Invasive Arten Sachsen-Anhalt will Hilfe bei Eindämmung
Marderhund und Waschbär sind Landesgrenzen egal. Sachsen-Anhalt fordert finanzielle Hilfe für die Eindämmung der invasien Arten.
Magdeburg (dpa) l Waschbären gelten als Plage, der Riesenbärenklau ist eine giftige Gefahr für den Menschen: Eingeschleppte Tiere und Pflanzen sollen in ganz Europa künftig genau überwacht und gezielt eingedämmt werden. Im Kampf gegen diese sogenannten invasiven Arten fordert Sachsen-Anhalt eine finanzielle Beteiligung des Bundes. Einen Antrag mit dieser Forderung bringt das Land zusammen mit Hessen bei der Umweltministerkonferenz ein, die am Mittwoch in Potsdam beginnt. Das sagte eine Sprecherin des Landesumweltministeriums in Magdeburg. Da auf alle Länder wegen neuer Managementpläne künftig hohe Kosten zukämen, gehe man von breiter Zustimmung der anderen Länder aus.
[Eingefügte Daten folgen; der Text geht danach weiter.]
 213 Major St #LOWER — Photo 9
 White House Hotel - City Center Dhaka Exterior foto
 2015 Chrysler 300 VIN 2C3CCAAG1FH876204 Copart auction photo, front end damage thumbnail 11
Der Landesjagdverband begrüßte die Pläne für eine stärkere Vernetzung und den verstärkten Kampf gegen die invasiven Arten. "Wir sind froh, dass der Gesetzgeber der Entwicklung endlich Rechnung trägt. Das war aber nicht gerade ein Schnellschuss", sagte Geschäftsführer Wilko Florstedt. Gerade der Waschbär breite sich in Sachsen-Anhalt, Hessen und Brandenburg seit den 1990er Jahren explosionsartig aus.
Dabei räuberten die Tiere gerade im Frühjahr die Gelege von Wasservögeln und sorgten gerade bei seltenen Arten für bedrohliche Rückgänge, so Florstedt. Hier sei die Frage, ob die Managementpläne nicht schon zu spät kämen. Andere Arten, wie der Marderhund, könnten hingegen künftig gut eingedämmt werden.
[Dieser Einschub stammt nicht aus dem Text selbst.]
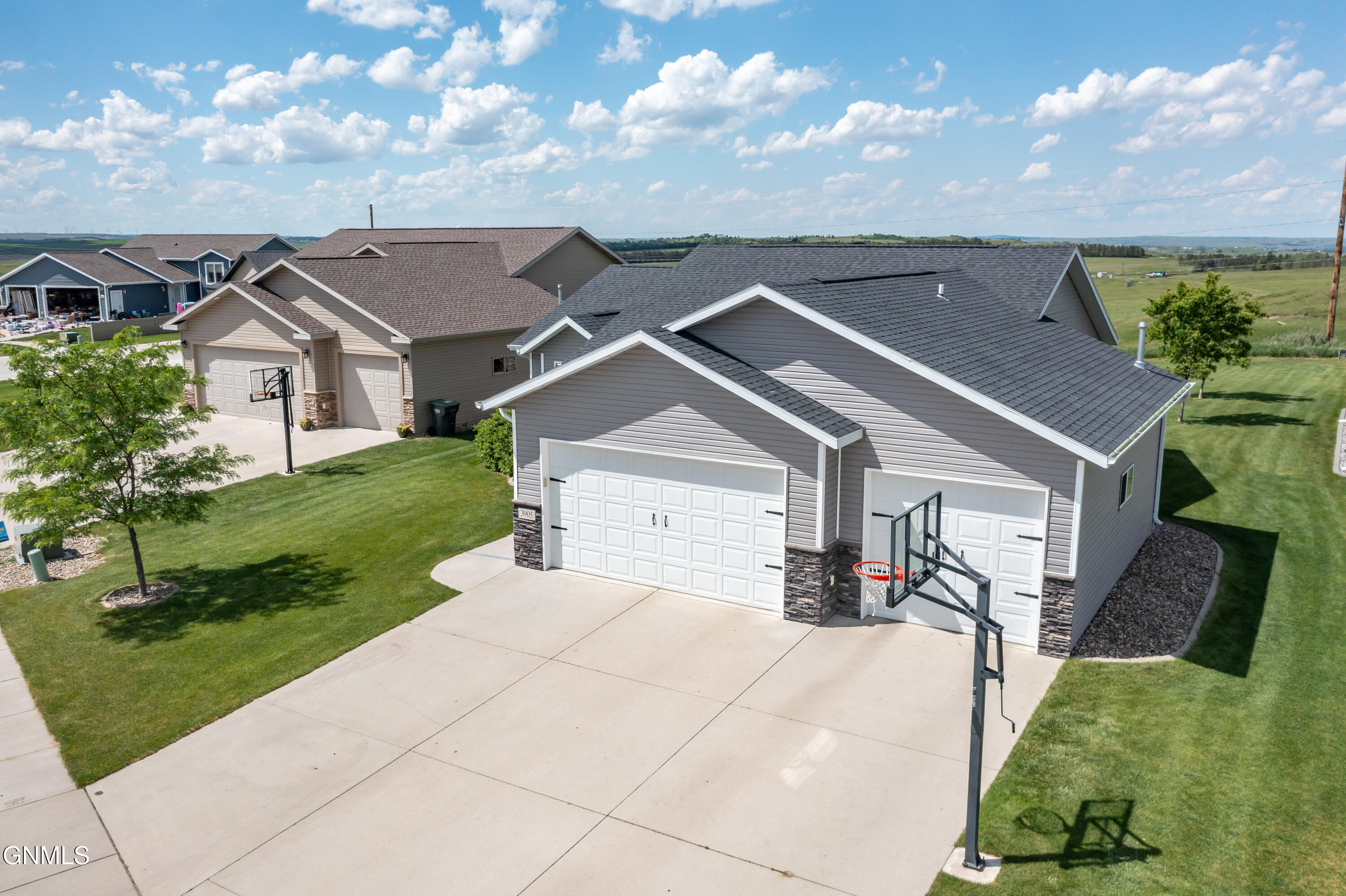 property viewer photo 32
Hintergrund des Vorstoßes zur Umweltministerkonferenz sind seit Jahren laufende Bestrebungen der Europäischen Union, invasive Arten stärker zu überwachen und einzudämmen. Im Fokus stehen all jene Arten, die ursprünglich nicht in Europa heimisch waren, hier oft keine natürlichen Feinde haben und das heimische Ökosystem stören oder für den Menschen gefährlich sind. Die bis zu drei Meter hohe Staude des Riesenbärenklau gilt zum Beispiel als krebserregend und sorgt bei Hautkontakt für starke Hautreizungen und Verbrennungen.
Bisher bestehe noch keine zentrale Erfassung für die invasiven Arten der Unionsliste, teilte das Umweltministerium mit. Mit dem geplanten Management der Populationen und Vorkommen kämen auf die Länder zusätzliche Aufgaben und damit auch Kosten zu. Bekämpfungsmaßnahmen müssten entwickelt, koordiniert und umgesetzt, der Erfolg der Pläne überprüft werden. Dafür sei zusätzliches Personal ebenso nötig wie Fanggeräte und Technik. An diesen höheren Kosten muss sich der Bund beteiligen, begründete das Ministerium seinen Vorstoß.